How Google’s DeepMind System is Revolutionizing Tropical Cyclone Prediction with Rapid Pace

When Developing Cyclone Melissa was churning off the coast of Haiti, meteorologist Philippe Papin felt certain it was about to escalate to a monster hurricane.

Serving as lead forecaster on duty, he forecasted that in a single day the weather system would become a category 4 hurricane and start shifting towards the Jamaican shoreline. Not a single expert had previously made this confident forecast for quick intensification.

However, Papin had an ace up his sleeve: AI technology in the guise of the tech giant’s recently introduced DeepMind cyclone prediction system – launched for the initial occasion in June. And, as predicted, Melissa evolved into a system of astonishing strength that ravaged Jamaica.

Increasing Reliance on AI Predictions

Forecasters are increasingly leaning hard on Google DeepMind. On the morning of 25 October, Papin clarified in his public discussion that the AI tool was a primary reason for his confidence: “Roughly 40/50 AI simulation runs indicate Melissa reaching a Category 5 storm. Although I am not ready to forecast that intensity at this time given path variability, that remains a possibility.

“There is a high probability that a period of quick strengthening will occur as the system moves slowly over very warm ocean waters which is the most extreme oceanic heat content in the whole Atlantic basin.”

Surpassing Traditional Systems

Google DeepMind is the first AI model dedicated to tropical cyclones, and currently the initial to beat standard weather forecasters at their own game. Through all tropical systems so far this year, Google’s model is top-performing – even beating human forecasters on track predictions.

The hurricane eventually made landfall in Jamaica at maximum strength, one of the strongest landfalls ever documented in almost 200 years of data collection across the region. Papin’s bold forecast probably provided people in Jamaica extra time to prepare for the catastrophe, possibly saving lives and property.

How The System Works

The AI system operates through spotting patterns that traditional lengthy physics-based prediction systems may miss.

“The AI performs far faster than their traditional counterparts, and the computing power is less expensive and demanding,” said Michael Lowry, a former forecaster.

“What this hurricane season has proven in quick time is that the recent AI weather models are on par with and, in some cases, superior than the slower traditional forecasting tools we’ve traditionally leaned on,” he said.

Understanding AI Technology

It’s important to note, Google DeepMind is an example of machine learning – a method that has been used in data-heavy sciences like meteorology for a long time – and is distinct from creative artificial intelligence like ChatGPT.

Machine learning takes large datasets and pulls out patterns from them in a manner that its system only takes a few minutes to come up with an answer, and can operate on a desktop computer – in sharp difference to the primary systems that governments have used for years that can take hours to process and require some of the biggest high-performance systems in the world.

Expert Responses and Upcoming Developments

Still, the fact that the AI could outperform earlier gold-standard traditional systems so quickly is truly remarkable to meteorologists who have spent their careers trying to forecast the most intense storms.

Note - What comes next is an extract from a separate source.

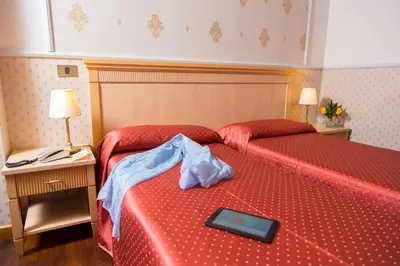 a hotel room with a red bed with a tray on it at Hotel Arco Di Travertino in Rome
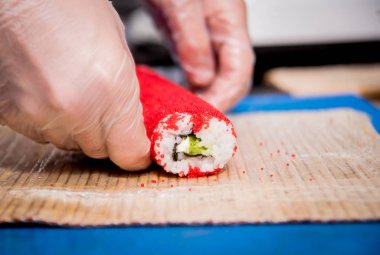 Restoranın mutfağında suşi ve ekmek yapma süreci. Şefin elleri bıçaklı..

“It’s astonishing,” said James Franklin, a former expert. “The data is sufficient that it’s pretty clear this is not a case of beginner’s luck.”

He noted that although Google DeepMind is beating all other models on forecasting the trajectory of hurricanes globally this year, similar to other systems it occasionally gets high-end intensity forecasts wrong. It had difficulty with Hurricane Erin earlier this year, as it was also undergoing rapid intensification to category 5 above the Caribbean.

In the coming offseason, Franklin said he intends to discuss with the company about how it can enhance the AI results more useful for experts by providing extra under-the-hood data they can utilize to evaluate the reasons it is coming up with its conclusions.

“The one thing that troubles me is that although these forecasts seem to be really, really good, the results of the model is essentially a opaque process,” remarked Franklin.

Broader Industry Developments

There has never been a commercial entity that has produced a top-level weather model which allows researchers a view of its methods – in contrast to nearly all other models which are provided free to the public in their full form by the authorities that created and operate them.

The company is not the only one in starting to use artificial intelligence to address challenging meteorological problems. The authorities are developing their own artificial intelligence systems in the works – which have demonstrated improved skill over earlier non-AI versions.

The next steps in AI weather forecasts appear to involve startup companies tackling previously difficult problems such as sub-seasonal outlooks and improved early alerts of severe weather and flash flooding – and they are receiving federal support to pursue this. A particular firm, WindBorne Systems, is even launching its proprietary weather balloons to address deficiencies in the national monitoring system.

Kaitlyn Roberts
Kaitlyn Roberts

A passionate writer and lifestyle enthusiast sharing curated content on fashion, travel, and wellness from a UK perspective.